[Start of section]
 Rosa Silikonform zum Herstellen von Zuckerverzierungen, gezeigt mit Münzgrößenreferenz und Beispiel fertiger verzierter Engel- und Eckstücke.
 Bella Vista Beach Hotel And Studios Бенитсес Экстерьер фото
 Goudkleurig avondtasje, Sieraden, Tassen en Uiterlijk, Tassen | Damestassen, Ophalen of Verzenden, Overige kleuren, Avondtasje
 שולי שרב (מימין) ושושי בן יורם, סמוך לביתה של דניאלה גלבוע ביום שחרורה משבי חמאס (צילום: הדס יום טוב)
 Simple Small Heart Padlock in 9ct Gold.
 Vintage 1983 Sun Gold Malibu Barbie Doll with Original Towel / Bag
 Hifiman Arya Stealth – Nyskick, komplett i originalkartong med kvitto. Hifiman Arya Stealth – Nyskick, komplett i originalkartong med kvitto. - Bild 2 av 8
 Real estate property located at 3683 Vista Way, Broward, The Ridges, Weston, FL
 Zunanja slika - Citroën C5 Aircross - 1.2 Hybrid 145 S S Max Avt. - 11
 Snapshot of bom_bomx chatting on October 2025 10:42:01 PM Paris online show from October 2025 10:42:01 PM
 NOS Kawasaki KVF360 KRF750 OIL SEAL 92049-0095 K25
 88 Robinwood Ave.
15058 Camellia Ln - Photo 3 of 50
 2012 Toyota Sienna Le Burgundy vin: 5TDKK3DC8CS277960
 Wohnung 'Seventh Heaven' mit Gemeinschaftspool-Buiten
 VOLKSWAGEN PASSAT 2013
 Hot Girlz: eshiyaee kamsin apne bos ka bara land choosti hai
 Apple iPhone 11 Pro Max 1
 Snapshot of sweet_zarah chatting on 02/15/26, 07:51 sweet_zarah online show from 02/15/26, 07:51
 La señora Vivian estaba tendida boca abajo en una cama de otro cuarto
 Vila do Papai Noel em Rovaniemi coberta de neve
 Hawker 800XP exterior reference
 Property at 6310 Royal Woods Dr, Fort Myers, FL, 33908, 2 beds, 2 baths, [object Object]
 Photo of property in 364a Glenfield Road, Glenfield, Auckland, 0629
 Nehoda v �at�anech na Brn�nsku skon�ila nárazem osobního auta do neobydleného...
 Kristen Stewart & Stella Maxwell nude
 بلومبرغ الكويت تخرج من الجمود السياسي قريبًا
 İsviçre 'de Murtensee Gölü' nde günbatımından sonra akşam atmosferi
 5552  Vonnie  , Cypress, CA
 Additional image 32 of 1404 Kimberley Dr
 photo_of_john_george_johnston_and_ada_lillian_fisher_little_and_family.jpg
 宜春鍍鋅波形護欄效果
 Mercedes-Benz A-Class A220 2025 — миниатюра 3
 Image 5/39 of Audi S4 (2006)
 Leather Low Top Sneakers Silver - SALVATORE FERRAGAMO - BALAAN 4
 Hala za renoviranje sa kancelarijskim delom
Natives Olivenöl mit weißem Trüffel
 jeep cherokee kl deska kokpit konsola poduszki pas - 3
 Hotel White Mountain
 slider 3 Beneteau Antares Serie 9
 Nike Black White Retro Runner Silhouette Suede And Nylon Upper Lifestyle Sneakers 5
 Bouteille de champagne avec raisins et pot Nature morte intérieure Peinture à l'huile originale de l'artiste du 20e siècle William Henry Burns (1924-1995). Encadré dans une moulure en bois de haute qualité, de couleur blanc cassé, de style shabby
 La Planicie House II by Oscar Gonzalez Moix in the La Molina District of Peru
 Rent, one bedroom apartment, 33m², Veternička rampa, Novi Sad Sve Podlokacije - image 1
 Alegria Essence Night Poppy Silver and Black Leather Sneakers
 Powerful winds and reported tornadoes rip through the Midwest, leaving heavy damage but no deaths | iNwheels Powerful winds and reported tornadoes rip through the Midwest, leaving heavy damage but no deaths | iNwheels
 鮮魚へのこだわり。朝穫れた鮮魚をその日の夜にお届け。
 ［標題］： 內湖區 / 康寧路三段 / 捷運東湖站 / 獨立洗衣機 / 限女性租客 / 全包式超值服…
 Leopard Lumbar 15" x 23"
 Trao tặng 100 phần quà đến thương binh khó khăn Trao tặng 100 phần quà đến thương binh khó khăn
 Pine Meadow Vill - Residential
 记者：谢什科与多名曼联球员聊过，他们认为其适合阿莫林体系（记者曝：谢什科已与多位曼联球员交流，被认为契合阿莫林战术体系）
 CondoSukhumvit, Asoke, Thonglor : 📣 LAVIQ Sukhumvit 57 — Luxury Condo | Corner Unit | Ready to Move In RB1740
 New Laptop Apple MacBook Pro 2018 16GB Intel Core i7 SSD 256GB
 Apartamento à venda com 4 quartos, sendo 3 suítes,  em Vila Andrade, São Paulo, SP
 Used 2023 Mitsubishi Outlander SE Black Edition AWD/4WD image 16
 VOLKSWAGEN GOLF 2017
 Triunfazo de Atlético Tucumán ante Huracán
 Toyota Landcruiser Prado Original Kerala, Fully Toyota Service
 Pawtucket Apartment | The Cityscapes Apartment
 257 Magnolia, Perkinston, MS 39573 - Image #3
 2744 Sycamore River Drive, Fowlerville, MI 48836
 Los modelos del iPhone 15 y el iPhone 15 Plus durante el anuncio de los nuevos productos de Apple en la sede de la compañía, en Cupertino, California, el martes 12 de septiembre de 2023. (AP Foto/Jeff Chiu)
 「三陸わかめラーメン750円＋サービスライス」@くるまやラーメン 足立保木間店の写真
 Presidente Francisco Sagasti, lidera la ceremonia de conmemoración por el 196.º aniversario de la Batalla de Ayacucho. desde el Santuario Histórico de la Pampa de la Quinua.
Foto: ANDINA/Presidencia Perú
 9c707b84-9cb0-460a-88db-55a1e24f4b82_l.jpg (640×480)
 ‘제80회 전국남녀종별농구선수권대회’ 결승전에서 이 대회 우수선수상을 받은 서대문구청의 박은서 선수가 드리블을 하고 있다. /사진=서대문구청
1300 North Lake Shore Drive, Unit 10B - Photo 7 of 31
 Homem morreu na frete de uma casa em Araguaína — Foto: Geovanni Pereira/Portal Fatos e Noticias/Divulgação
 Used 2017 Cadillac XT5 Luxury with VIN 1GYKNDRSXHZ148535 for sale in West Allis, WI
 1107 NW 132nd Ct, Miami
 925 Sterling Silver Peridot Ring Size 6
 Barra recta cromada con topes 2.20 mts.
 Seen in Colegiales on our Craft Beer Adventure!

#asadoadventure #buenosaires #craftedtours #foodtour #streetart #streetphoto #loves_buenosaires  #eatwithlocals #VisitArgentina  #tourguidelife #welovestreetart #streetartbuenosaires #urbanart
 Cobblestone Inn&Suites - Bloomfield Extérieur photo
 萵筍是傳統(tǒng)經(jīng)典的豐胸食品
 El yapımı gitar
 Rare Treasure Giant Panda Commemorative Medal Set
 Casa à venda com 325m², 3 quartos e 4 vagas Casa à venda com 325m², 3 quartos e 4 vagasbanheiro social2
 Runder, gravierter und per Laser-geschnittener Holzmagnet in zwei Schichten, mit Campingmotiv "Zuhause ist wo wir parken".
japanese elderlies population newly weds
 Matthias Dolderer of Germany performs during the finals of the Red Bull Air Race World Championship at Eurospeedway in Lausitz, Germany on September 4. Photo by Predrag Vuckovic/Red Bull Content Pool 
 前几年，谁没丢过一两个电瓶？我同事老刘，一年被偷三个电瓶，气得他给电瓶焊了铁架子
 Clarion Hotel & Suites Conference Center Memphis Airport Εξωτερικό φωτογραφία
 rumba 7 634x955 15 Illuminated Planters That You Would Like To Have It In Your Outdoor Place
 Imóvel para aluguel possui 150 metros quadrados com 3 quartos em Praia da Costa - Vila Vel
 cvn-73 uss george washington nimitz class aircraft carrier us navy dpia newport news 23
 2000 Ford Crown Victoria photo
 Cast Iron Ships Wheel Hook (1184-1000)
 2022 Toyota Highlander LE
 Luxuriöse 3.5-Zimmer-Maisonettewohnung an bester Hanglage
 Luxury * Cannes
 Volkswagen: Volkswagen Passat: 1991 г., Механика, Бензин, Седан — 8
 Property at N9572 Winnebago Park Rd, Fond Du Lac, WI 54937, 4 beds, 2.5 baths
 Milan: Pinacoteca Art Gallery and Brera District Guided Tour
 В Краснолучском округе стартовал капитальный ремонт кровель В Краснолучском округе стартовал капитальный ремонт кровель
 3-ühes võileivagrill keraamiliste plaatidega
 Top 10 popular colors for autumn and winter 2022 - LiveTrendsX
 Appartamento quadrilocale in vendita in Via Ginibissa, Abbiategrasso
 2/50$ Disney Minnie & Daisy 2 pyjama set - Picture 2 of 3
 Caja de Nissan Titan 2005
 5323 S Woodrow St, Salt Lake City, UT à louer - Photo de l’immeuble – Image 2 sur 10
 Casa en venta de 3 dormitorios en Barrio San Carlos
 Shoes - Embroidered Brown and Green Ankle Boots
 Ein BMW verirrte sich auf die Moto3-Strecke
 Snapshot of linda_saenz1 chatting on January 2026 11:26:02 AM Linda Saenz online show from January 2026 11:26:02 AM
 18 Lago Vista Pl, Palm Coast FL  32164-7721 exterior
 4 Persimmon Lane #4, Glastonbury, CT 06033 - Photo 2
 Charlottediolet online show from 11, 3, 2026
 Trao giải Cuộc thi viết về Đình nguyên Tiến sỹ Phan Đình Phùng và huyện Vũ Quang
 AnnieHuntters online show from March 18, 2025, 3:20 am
[End of section]
Take the entries above and return only the lines from the one with "하고 있다. /사진=서대문구청" to the one with "Clarion Hotel &", both included, unchanged.

= Response area =
 ‘제80회 전국남녀종별농구선수권대회’ 결승전에서 이 대회 우수선수상을 받은 서대문구청의 박은서 선수가 드리블을 하고 있다. /사진=서대문구청
1300 North Lake Shore Drive, Unit 10B - Photo 7 of 31
 Homem morreu na frete de uma casa em Araguaína — Foto: Geovanni Pereira/Portal Fatos e Noticias/Divulgação
 Used 2017 Cadillac XT5 Luxury with VIN 1GYKNDRSXHZ148535 for sale in West Allis, WI
 1107 NW 132nd Ct, Miami
 925 Sterling Silver Peridot Ring Size 6
 Barra recta cromada con topes 2.20 mts.
 Seen in Colegiales on our Craft Beer Adventure!

#asadoadventure #buenosaires #craftedtours #foodtour #streetart #streetphoto #loves_buenosaires  #eatwithlocals #VisitArgentina  #tourguidelife #welovestreetart #streetartbuenosaires #urbanart
 Cobblestone Inn&Suites - Bloomfield Extérieur photo
 萵筍是傳統(tǒng)經(jīng)典的豐胸食品
 El yapımı gitar
 Rare Treasure Giant Panda Commemorative Medal Set
 Casa à venda com 325m², 3 quartos e 4 vagas Casa à venda com 325m², 3 quartos e 4 vagasbanheiro social2
 Runder, gravierter und per Laser-geschnittener Holzmagnet in zwei Schichten, mit Campingmotiv "Zuhause ist wo wir parken".
japanese elderlies population newly weds
 Matthias Dolderer of Germany performs during the finals of the Red Bull Air Race World Championship at Eurospeedway in Lausitz, Germany on September 4. Photo by Predrag Vuckovic/Red Bull Content Pool 
 前几年，谁没丢过一两个电瓶？我同事老刘，一年被偷三个电瓶，气得他给电瓶焊了铁架子
 Clarion Hotel & Suites Conference Center Memphis Airport Εξωτερικό φωτογραφία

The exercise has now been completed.